**About this task**
Beginning with the line containing "A display of" and going on through the line containing "Simple dining room", the lines below are to be returned exactly, pictures excluded and nothing added.

**Dataset**
⟨

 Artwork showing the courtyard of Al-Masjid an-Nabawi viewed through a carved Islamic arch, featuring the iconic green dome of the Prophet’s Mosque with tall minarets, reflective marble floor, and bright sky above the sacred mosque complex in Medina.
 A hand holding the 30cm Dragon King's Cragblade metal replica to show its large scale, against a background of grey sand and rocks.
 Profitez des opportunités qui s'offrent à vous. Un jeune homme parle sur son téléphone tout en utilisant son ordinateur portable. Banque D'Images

⟩
⟨

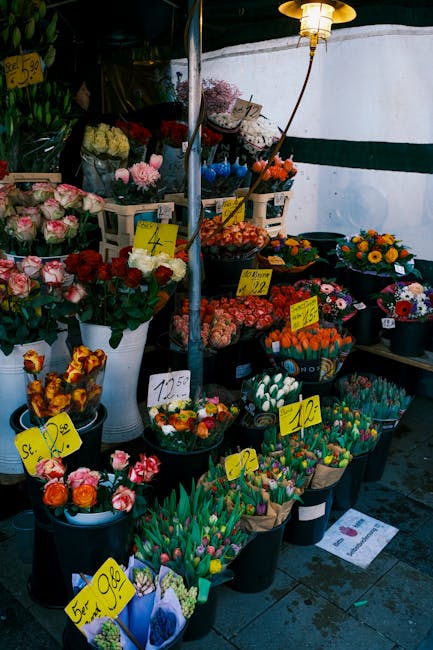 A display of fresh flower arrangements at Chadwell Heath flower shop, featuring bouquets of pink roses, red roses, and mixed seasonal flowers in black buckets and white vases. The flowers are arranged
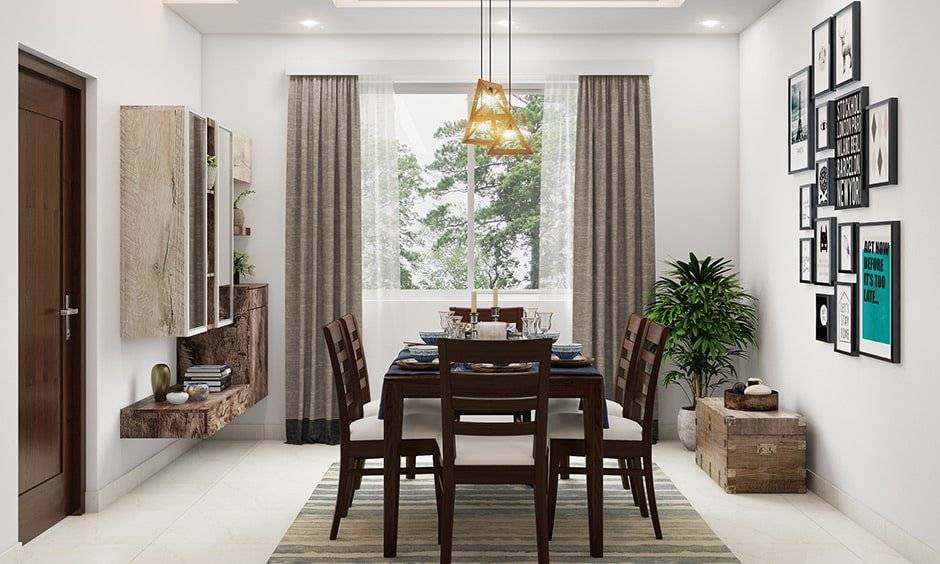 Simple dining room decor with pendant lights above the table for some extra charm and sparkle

⟩

**Your response**
 A display of fresh flower arrangements at Chadwell Heath flower shop, featuring bouquets of pink roses, red roses, and mixed seasonal flowers in black buckets and white vases. The flowers are arranged
 Simple dining room decor with pendant lights above the table for some extra charm and sparkle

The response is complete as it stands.